Rashel was getting a very bad feeling in her stomach. In her head, she kept hearing her mother say, Take care of Timmy. But she hadn’t taken care of him. And he could be anywhere by now, lost in the giant structure, maybe crying, maybe getting shoved around by big kids. Maybe even going to tell her mother.
That was when she saw the gap in the padded room.
It was just big enough for a four-year-old or a very slim five-year-old to get through. A space between two cushiony walls that led to the outside. And Rashel knew immediately that it was where Timmy had gone. It was like him to take the quickest way out. He was probably on his way to her mother right now.
Rashel was a very slim five-year-old. She wiggled through the gap, only sticking once. Then she was outside, breathless in the dusty shade.
She was about to head toward the front of the climbing structure when she noticed the tent flap fluttering.

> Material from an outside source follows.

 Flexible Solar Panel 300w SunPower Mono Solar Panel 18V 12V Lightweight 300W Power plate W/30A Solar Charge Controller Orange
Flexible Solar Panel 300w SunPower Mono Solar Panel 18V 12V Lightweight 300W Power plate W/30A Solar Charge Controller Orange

The tent was made of shiny vinyl and its red and yellow stripes were much brighter than the plastic tubes. The loose flap moved in the breeze and Rashel saw that anyone could just lift it and walk inside.
Timmy wouldn’t have gone in there, she thought. It wouldn’t be like him at all. But somehow Rashel had an odd feeling.
She stared at the flap, hesitating, smelling dust and popcorn
in the air. I’m brave, she told herself, and sidled forward. She pushed on the tent beside the flap to widen the gap, and she stretched her neck and peered inside.
It was too dark to see anything, but the smell of popcorn was stronger. Rashel moved farther and farther until she was actually in the tent. And then her eyes adjusted and she realized that she wasn’t alone.
There was a tall man in the tent. He was wearing a long light-colored trench coat, even though it was warm outside. He didn’t seem to notice Rashel because he had something in his arms, and his head was bent down to it, and he was doing something to it.
And then Rashel saw what he was doing and she knew that the grown-ups had lied when they said ogres and monsters and the things in fairy-tale books weren’t real.
Because the tall man had Timmy, and he was eating him.